→ **Assignment**
Print the lines below from the line with "2 Bedroom Semi-Detached" to the line with "Rusia e fut" exactly, keeping both ends, and print no pictures.

→ **Entries shown**
______________________________

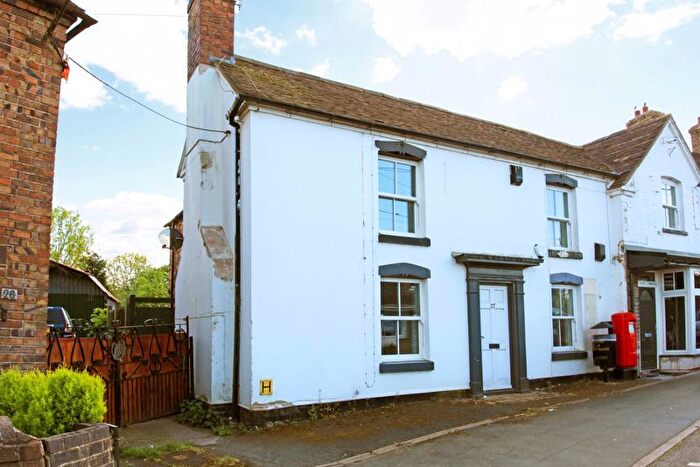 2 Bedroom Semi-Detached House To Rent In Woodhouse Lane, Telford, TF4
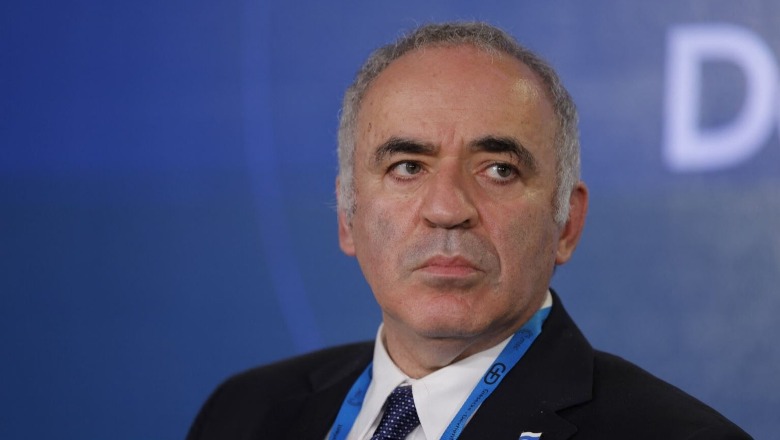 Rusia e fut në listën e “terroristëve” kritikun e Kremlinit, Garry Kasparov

______________________________

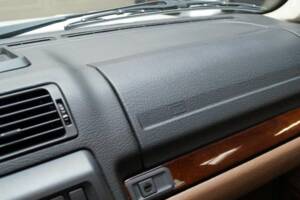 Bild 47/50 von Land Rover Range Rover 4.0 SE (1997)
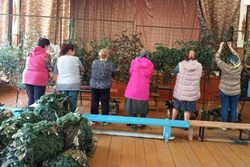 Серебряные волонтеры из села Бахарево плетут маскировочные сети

______________________________

→ **Answer space**
 2 Bedroom Semi-Detached House To Rent In Woodhouse Lane, Telford, TF4
 Rusia e fut në listën e “terroristëve” kritikun e Kremlinit, Garry Kasparov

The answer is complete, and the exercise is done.